Smoothing noisy data using Local Regression and Likelihood.
arguments still to add: dc renorm itype mint maxit debug
Usage: fit = locfit(x,y) % local regression fit of x and y.
fit = locfit(x) % density estimation of x.
Smoothing with locfit is a two-step procedure. The locfit()
function evaluates the local regression smooth at a set of points
(can be specified through an evaluation structure). Then, use
the predict() function to interpolate this fit to other points.
Additional arguments to locfit() are specified as 'name',value pairs, e.g.:
locfit( x, 'alpha',[0.7,1.5] , 'family','rate' , 'ev','grid' , 'mg',100 );
Data-related inputs:
x is a vector or matrix of the independent (or predictor) variables.
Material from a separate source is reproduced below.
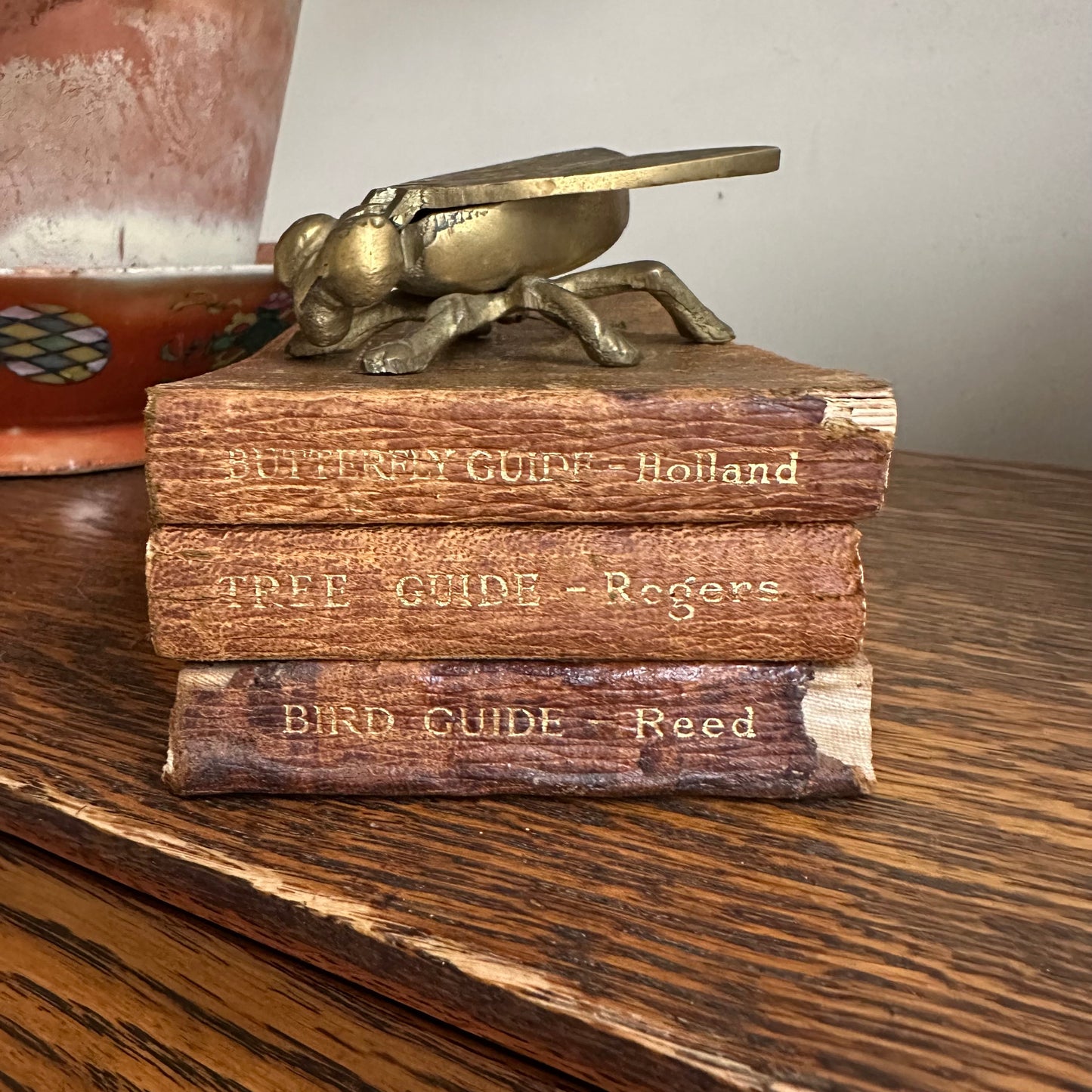 A Set of 3 Leather-Bound Pocket Nature Guides - 1916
Rows of x represent subjects, columns represent variables.
Generally, local regression would be used with 1-4 independent
variables. In higher dimensions, the curse-of-dimensionality,
as well as the difficulty of visualizing higher dimensional
surfaces, may limit usefulness.
y is the column vector of the dependent (or response) variable.
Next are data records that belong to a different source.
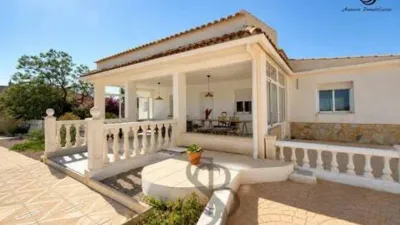 Chalet in Busot photo 2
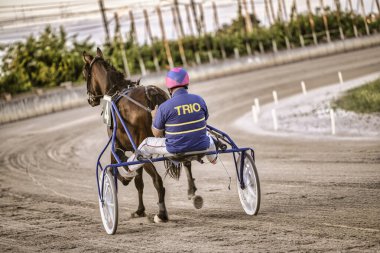 Padua, İtalya 18 Temmuz 2025, jokeyli bir at toprak pistte yarışıyor, arkadan görüldü, koşum takımı yarışı sırasında.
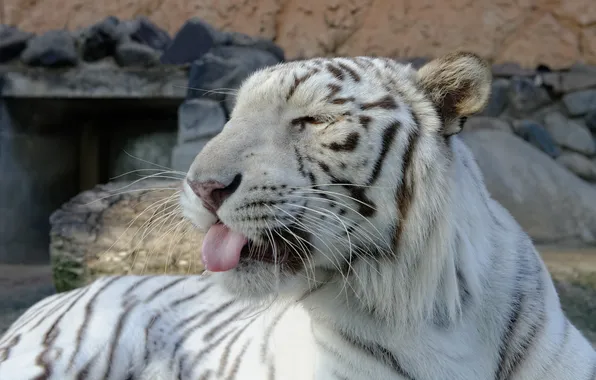 Language, cat, face, white tiger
For density families, 'y' is omitted.
NOTE: x and y are the first two arguments. All other arguments require
the 'name',value notation.
'weights' Prior weights for observations (reciprocal of variance, or
sample size).
'cens' Censoring indicators for hazard rate or censored regression.
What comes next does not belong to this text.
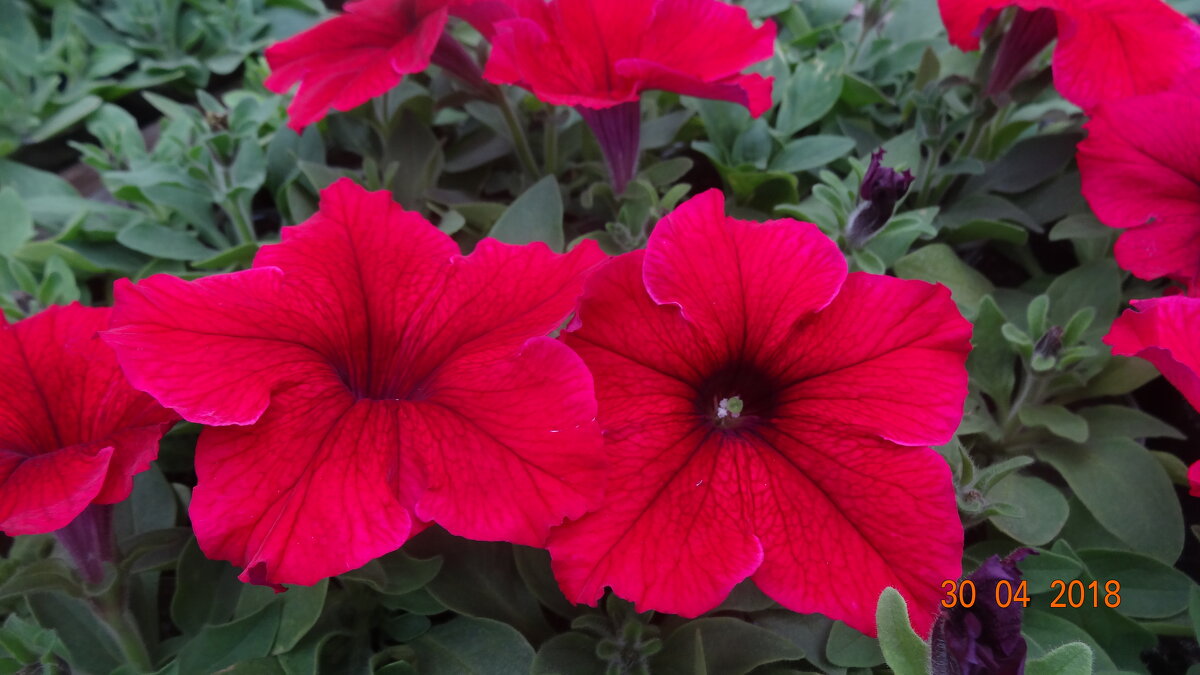 Цветы петунии - СЕРГЕЙ ФИЛОЧКИН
The coding is '1' (or 'TRUE') for a censored observation, and
'0' (or 'FALSE') for uncensored observations.
'base' Baseline parameter estimate. If a baseline is provided,
the local regression model is fitted as
Y_i = b_i + m(x_i) + epsilon_i,
with Locfit estimating the m(x) term. For regression models,
this effectively subtracts b_i from Y_i. The advantage of the
'base' formulation is that it extends to likelihood
regression models.
'scale' A scale to apply to each variable. This is especially
important for multivariate fitting, where variables may be
measured in non-comparable units. It is also used to specify
the frequency for variables with the 'a' (angular) style.
'sty' Character string (length d) of styles for each predictor variable.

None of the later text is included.